Ingredients:
- 2 Butternut Squash
- 1 large apple diced
- 2 tbsp olive oil
- 4 oz mushrooms diced
- Pinch of sea salt
- 2 celery sticks diced
- 1 pound sausage
- ¾ cup dried cranberries
- 1 yellow onion
- 1 tsp onion powder
Directions:
- Preheat oven to 375, line a baking sheet with parchment paper or foil
- Cut squash in half long ways, scoop out seeds and brush with olive oil. Apply sea salt and place squash skin side down on sheet. Bake for 40 minutes
- In a skillet brown sausage, remove from pan and set aside
- Put onions in the skillet, cook, then add apples, mushrooms and celery. Cook till veggies are soft stir in cranberries and meat.
- Once the squash is cooked remove some to make room for your filling. Then add your meat mixture to the halved squash.

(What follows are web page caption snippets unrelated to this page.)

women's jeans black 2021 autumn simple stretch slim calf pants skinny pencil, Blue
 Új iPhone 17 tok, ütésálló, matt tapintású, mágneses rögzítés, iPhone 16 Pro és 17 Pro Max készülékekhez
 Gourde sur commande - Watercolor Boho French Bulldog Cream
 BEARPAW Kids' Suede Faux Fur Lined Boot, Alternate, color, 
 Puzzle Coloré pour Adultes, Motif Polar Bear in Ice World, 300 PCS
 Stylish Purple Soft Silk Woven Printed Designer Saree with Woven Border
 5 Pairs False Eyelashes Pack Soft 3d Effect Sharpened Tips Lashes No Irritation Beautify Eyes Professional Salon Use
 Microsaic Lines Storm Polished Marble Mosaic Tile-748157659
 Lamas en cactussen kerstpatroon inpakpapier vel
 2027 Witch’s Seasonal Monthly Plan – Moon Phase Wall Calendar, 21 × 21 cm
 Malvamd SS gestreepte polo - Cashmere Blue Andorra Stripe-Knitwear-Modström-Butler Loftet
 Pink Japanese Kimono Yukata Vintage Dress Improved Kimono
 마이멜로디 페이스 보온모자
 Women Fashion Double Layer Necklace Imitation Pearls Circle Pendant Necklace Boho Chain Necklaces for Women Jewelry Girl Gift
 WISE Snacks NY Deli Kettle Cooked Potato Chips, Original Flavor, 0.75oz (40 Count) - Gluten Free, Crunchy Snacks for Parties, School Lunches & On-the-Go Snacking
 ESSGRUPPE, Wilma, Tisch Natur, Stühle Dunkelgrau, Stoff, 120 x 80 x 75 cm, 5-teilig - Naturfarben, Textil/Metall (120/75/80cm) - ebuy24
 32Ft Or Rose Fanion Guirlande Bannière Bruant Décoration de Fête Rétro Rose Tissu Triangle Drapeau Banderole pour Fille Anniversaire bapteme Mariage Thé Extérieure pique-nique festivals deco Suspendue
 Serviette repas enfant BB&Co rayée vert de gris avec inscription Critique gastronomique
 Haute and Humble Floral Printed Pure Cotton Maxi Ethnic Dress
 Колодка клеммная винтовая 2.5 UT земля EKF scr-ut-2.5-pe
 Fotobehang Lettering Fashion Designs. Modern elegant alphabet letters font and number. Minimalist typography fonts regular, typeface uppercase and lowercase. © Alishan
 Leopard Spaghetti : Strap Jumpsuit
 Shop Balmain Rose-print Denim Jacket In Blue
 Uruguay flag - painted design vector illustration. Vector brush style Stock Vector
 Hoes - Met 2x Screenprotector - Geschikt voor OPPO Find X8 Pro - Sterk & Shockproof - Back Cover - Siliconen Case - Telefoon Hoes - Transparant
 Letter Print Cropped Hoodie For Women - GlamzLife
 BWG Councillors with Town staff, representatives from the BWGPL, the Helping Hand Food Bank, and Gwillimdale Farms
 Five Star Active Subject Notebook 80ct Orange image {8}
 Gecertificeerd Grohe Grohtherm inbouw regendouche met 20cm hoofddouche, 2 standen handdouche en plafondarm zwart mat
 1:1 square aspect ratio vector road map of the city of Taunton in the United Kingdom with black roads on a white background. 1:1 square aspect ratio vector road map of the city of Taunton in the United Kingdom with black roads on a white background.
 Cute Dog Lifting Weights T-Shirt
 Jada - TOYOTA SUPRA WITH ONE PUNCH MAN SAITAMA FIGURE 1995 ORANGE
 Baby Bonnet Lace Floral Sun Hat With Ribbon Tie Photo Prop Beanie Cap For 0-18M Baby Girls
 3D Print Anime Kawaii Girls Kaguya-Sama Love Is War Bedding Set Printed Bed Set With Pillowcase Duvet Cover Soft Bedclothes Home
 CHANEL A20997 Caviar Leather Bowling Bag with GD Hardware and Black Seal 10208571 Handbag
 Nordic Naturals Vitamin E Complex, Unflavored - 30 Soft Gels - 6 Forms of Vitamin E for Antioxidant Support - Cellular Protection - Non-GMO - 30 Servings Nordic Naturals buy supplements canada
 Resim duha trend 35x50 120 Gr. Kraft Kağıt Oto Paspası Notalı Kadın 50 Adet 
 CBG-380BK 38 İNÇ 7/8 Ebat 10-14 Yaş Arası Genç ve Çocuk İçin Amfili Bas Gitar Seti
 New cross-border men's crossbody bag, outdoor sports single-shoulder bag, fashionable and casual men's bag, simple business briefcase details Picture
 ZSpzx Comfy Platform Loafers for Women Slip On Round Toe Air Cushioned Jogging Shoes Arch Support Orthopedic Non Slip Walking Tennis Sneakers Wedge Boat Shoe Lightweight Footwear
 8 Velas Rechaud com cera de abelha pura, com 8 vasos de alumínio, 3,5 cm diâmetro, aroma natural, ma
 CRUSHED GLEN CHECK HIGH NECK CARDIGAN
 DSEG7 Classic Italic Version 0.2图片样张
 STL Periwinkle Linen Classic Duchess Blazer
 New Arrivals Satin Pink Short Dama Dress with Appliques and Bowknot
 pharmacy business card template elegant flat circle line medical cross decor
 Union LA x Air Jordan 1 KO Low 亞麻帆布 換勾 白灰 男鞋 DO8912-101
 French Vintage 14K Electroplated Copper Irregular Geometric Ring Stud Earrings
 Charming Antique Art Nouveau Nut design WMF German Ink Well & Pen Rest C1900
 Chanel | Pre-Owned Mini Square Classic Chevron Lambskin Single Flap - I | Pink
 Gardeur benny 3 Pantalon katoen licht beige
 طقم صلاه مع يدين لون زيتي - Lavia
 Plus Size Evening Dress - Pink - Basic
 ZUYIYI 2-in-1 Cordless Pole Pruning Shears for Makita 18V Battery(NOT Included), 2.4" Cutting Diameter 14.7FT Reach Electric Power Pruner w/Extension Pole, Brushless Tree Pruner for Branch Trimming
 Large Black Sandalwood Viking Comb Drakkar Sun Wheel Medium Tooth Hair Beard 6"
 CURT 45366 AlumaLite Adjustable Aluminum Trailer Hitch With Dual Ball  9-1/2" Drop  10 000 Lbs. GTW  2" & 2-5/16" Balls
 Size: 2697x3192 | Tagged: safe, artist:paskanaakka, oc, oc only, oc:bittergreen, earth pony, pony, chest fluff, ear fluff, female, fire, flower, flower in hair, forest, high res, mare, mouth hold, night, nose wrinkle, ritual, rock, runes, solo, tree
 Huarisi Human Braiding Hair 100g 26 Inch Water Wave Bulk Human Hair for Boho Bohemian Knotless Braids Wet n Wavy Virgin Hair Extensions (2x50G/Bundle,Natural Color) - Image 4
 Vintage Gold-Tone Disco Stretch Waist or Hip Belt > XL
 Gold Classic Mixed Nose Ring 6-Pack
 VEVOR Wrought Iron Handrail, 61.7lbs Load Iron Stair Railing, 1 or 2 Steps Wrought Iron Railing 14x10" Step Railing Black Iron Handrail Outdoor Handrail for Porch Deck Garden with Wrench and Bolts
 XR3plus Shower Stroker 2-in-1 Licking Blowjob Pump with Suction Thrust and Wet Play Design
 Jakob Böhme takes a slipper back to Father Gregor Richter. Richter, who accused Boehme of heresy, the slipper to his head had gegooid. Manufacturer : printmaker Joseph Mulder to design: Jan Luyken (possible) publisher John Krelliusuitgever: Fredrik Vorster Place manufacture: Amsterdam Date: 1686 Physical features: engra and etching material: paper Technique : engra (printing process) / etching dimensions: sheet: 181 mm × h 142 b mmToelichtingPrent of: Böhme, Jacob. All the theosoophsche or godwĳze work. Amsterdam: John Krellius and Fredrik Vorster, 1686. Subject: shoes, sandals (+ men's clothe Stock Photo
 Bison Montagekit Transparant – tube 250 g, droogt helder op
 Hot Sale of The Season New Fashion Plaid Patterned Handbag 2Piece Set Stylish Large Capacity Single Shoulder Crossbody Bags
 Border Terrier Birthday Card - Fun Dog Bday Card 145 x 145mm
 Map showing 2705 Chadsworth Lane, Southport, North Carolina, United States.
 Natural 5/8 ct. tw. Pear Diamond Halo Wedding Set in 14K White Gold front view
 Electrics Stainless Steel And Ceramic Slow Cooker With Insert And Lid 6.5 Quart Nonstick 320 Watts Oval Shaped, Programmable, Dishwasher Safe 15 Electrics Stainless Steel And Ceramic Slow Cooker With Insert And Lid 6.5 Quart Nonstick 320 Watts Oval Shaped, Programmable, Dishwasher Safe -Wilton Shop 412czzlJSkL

- Put back in the oven and cook for 5 minutes.
- ENJOY!!


I cooked the bear sausage squash recipe last night with a few mods – I used homemade chorizo bear sausages, and homegrown spaghetti squash, as it’s what I had available. OMG, this was so delicious, and hubby said it was up there as one of his favorite meals. SCORE! Shall be cooking this again…..and again. Thanks for sharing!